Six Days in Fallujah

Six Days in Fallujah Publisher Issues Statement Contradictory to Comments From CEO Peter Tamte

A month after Six Days in Fallujah was revived and a number of controversial interviews with Victura CEO Peter Tamte, the publisher has released a statement on its official Twitter account in an attempt to clear the air. However, much of its statement goes against what Tamte has previously talked about in detail, including walking back commentary about the game’s political nature and portrayal of war crimes, specifically white phosphorous. You can read the full statement from Victura below:

Here’s the full text of the statement from the image:

We understand the events recreated in Six Days in Fallujah are inseparable from politics. Here’s how the game gives voice to a variety of perspectives:

The stories in Six Days in Fallujah are told through gameplay and documentary footage featuring service members and civilians with diverse experiences and opinions about the Iraq War. So far, 26 Iraqi civilians and dozens of service members have shared the most difficult moments of their lives with us, so we can share them with you, in their words.

The documentary segments discuss many tough topics, including the events and political decisions that led to the Fallujah battles as well as their aftermath. While we do not allow players to use white phosphorus as a weapon during gameplay, its use is described during the documentary segments.

During gameplay players will participate in stories that are given context through the documentary segments. Each mission challenges players to solve real military and civilian scenarios from the battle interactively, offering a perspective into urban warfare not possible through any other media.

We believe the stories of this generation’s sacrifices deserve to be told by the Marines, Soldiers and civilians who were there.

We trust you will find the game—like the events it recreates—to be complex.

The statement from Victura attempts to distance itself from comments made by the company’s own CEO, Peter Tamte, in a number of interviews with various gaming news outlets. Most notably, Tamte had said that the game wasn’t interested in trying to make a political commentary, yet this statement from Victura seems to walk that back and at least acknowledge that the game’s subject matter is “inseparable from politics.”  However, it then goes on to justify it by saying the game will give voice to a “variety” of perspectives, which doesn’t get at the criticisms that the game will try to paint the US military’s part in this event as a whole lot rosier than it actually is.

Tamte had also previously said that Six Days in Fallujah would not include white phosphorus due to not having “an authentic, factual basis on which to tell that” and that he didn’t want “sensational types of things…to distract from the human stories that we can all identify with,” however this statement says that white phosphorus will be described during the documentary segments, which seems once again to contradict Tamte’s comments made during interviews.
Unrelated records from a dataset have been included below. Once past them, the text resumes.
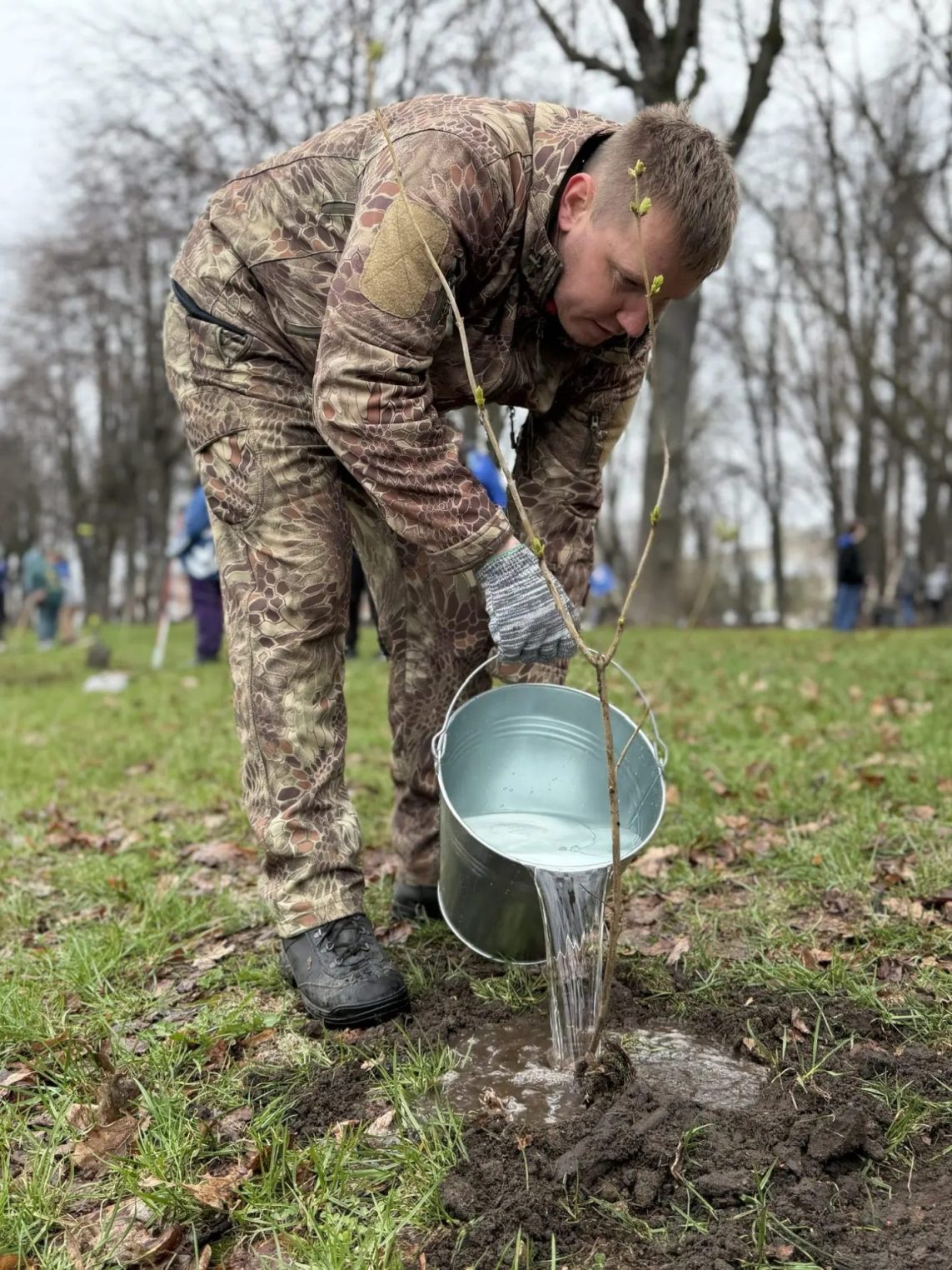 Сергей Ситников и Алексей Анохин приняли участие в субботнике, организованном «Единой Россией»
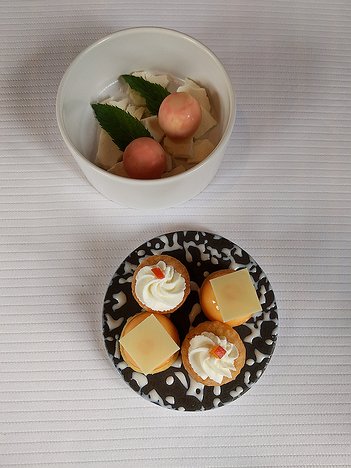 20210628_PXL120234183_Pixel3a-JEB Sucreries: apricot sponge financier, apricot and lemon on biscuit, liquid apricot balls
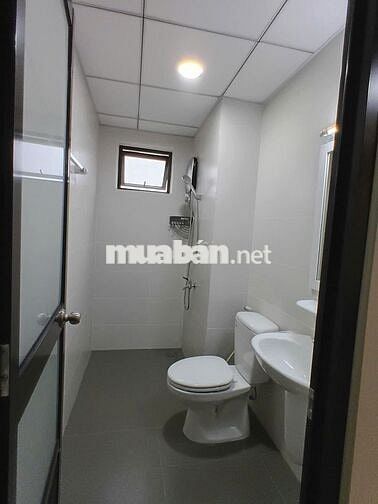 CHO THUÊ CĂN HỘ 2PN FULL NT HIỆN ĐẠI CHỈ XÁCH VALI VÀO Ở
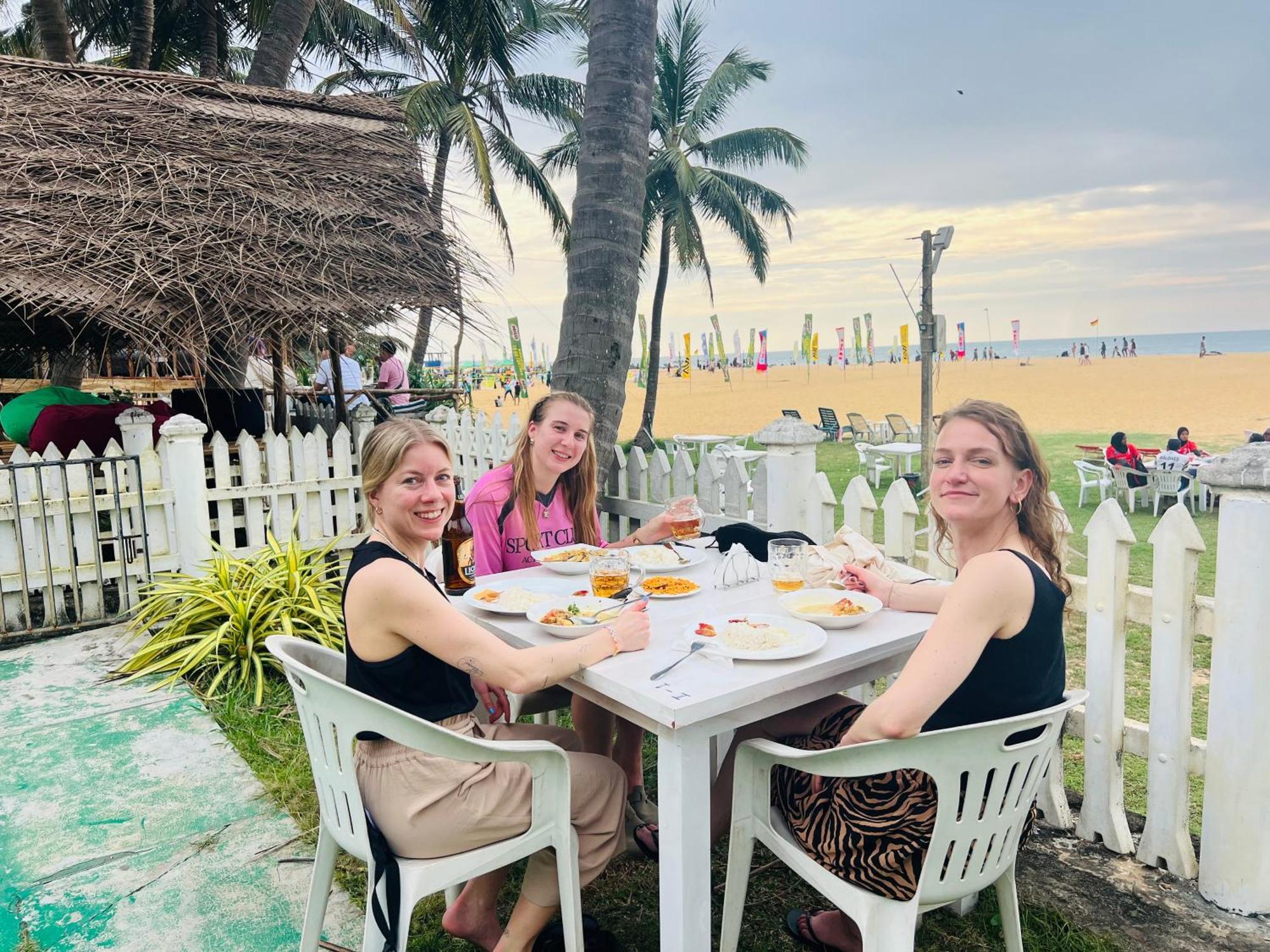 Honey Beach Hostel Negombo Luaran gambar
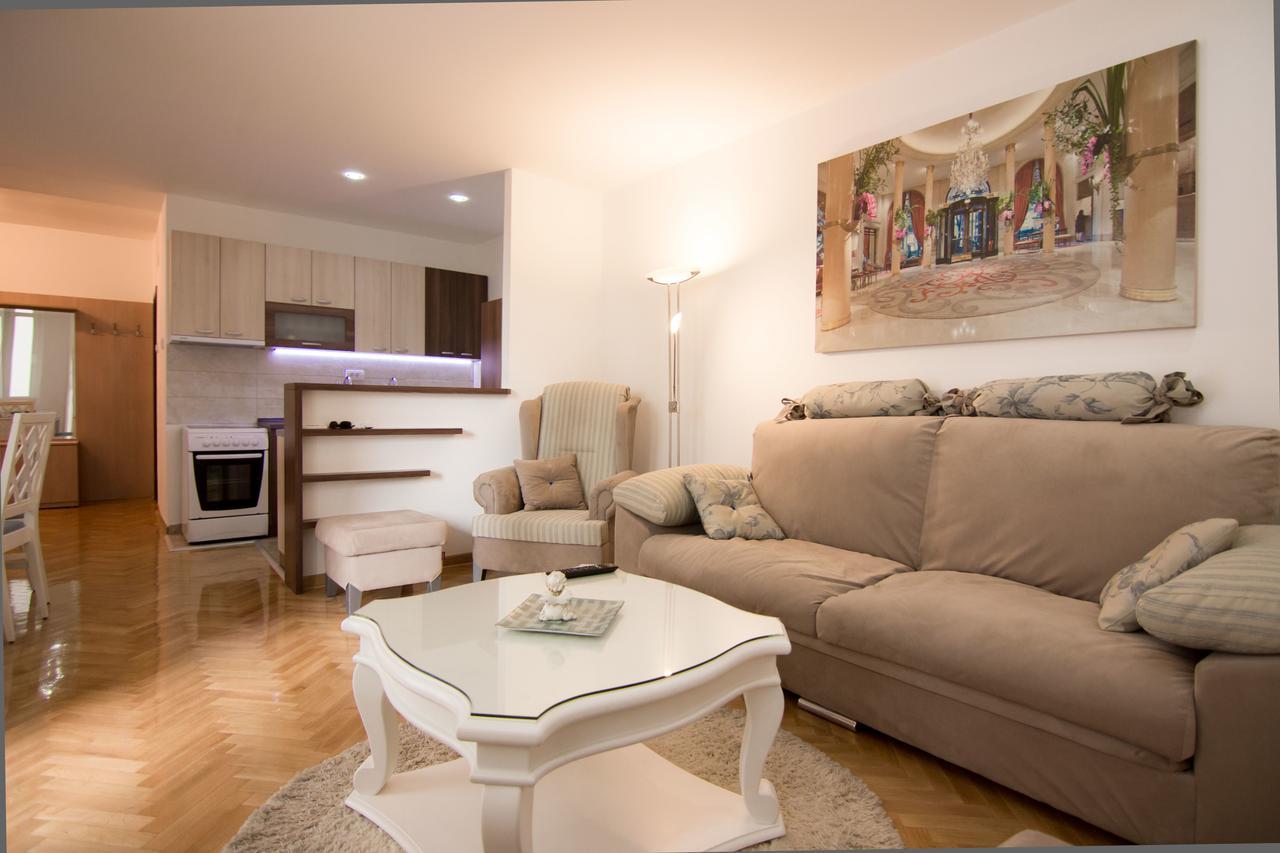 Apartments Near St. Sava Temple Belgrado Buitenkant foto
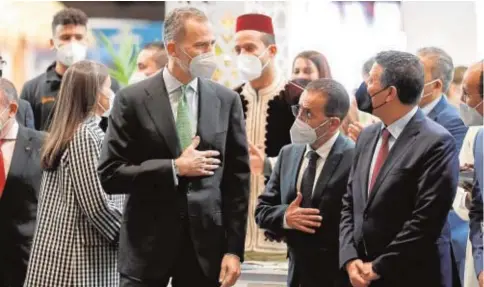  ?? // EFE ?? Don Felipe y Doña Letizia, ayer, en el estand de Marruecos en Fitur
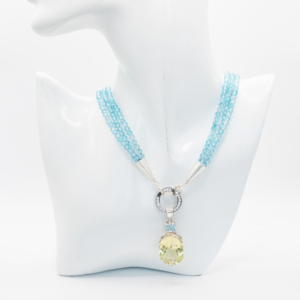Colier de topaz natural bleu cu pandantiv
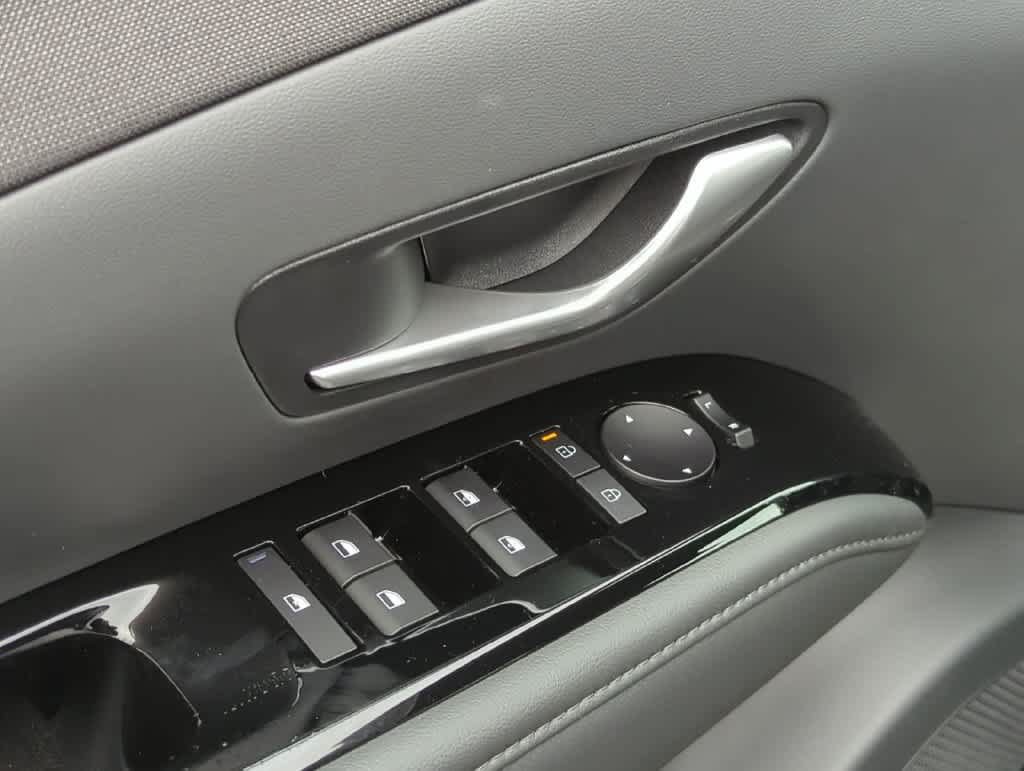 New 2026 Hyundai Tucson Limited AWD/4WD image 17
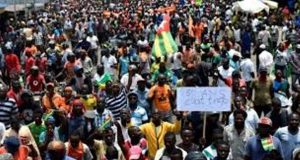 De Lomé à Conakry: la rue gronde!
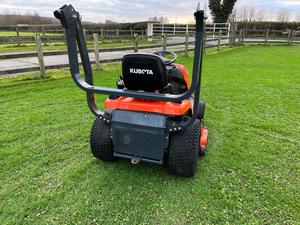 เครื่องตัดหญ้าแบบนั่งขับ Kubota G261 ขนาด 139 ซีซี เครื่องยนต์ดีเซล 2 จังหวะ ขับเคลื่อนด้วยตัวเอง ใบมีดแบบโรตารี่ ถังเก็บหญ้าขนาด 100 ลิตร เบาะนั่งเกรดอุตสาหกรรม - Product Image 6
Victura’s statement stops far short of taking any kind of stance on the Iraq War and the Second Battle for Fallujah, despite even service members who were a part of it deriding the whole campaign as pointless, illegal, and filled with unnecessary loss of life for both Iraqi civilians and US forces. Most importantly, Victura won’t acknowledge the wrongdoing of the US within any of it statements, and it remains to be seen if the game can actually get as complex as the publisher claims. Victura previously had to defend Six Days in Fallujah against allegations that it is a US military recruitment tool, though with statements like “mission challenges players to solve real military and civilian scenarios from the battle interactively,” the jury might still be out on that one.

There have also been criticisms that so far, Iraqi voices have not been heard talking about this game. The re-reveal trailer focused on the US forces and horrors that happened to them, and every angle seems to slant towards the “military heroes,” not the terror endured by the Iraqi civilians by military forces who committed war crimes. While Victura keeps telling us there is a nuanced Iraqi perspective within the game, we have yet to see it.

Victura’s statement seems to be a bit of damage control to walk back some of Tamte’s controversial comments from last month. The messaging coming from the publisher seems to be disorganized at best, despite the sensitive nature of the topic that should have had a firmer stance out of the gate considering the controversy the title faced when it first came up a decade ago. Whether or not Six Days in Fallujah lives up to its promises of being “complex” remains to be seen, but Victura’s statement still doesn’t give us much hope that it will have anything meaningful to say.